Managing director Etienne Terre'Blanche said the problem with regulating prices was that SA could not regulate foreign companies' prices.
"If you regulate prices, the rest of the world is just going to go on," he said.
"Import prices of maize to feed cows and of fuel would keep going up. Something would go wrong somewhere down the line."
Terre'Blanche said government should invest in a growing
agricultural sector to secure national food supplies in the future.
"If any country would totally rely on food-imports, it would be in deep, deep trouble," he said.
Food prices in countries outside SA were "sky-high" and "soaring".
"It is unprecedented, they are a lot higher than in SA."
Terre'Blanche said SA farmers were under stress to
produce enough food.
Prices of fertilisers had gone up 100 to 150%, those of feed
went up 80% and fuel prices had risen 60%, whereas food
prices had "only" risen 40% over the same period, he said.
In particular dairy farmers were fighting shrinking profit margins due to increasing input costs.

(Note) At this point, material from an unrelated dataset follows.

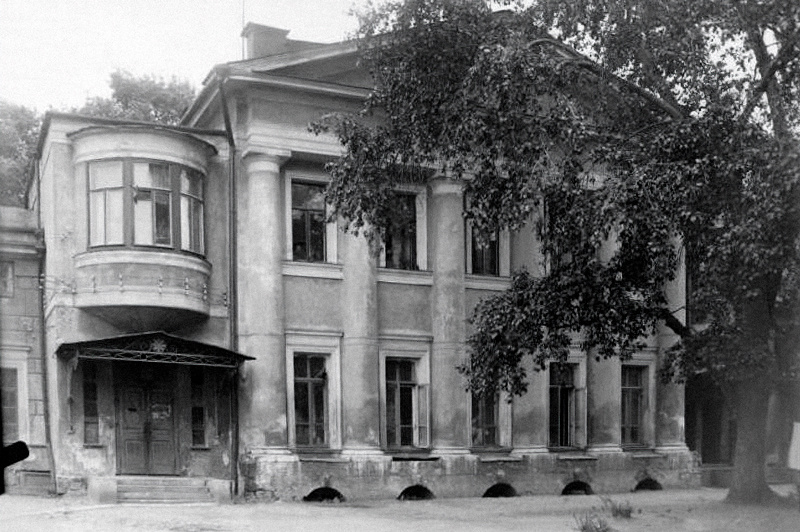 Московский Союз художников, фото из архивов библиотеки МСХ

The number of active dairy farmers in SA was steadily decreasing.
"Producers cannot afford to invest in their farms, but at the same time the government demands 15 percent growth from the agricultural sector."
MPO, Cosatu, government, organised agriculture, food processors and retailers held a meeting on Tuesday to discuss the rising food prices.
Terre'Blanche said the talks had been constructive and another such meeting was planned for May 21.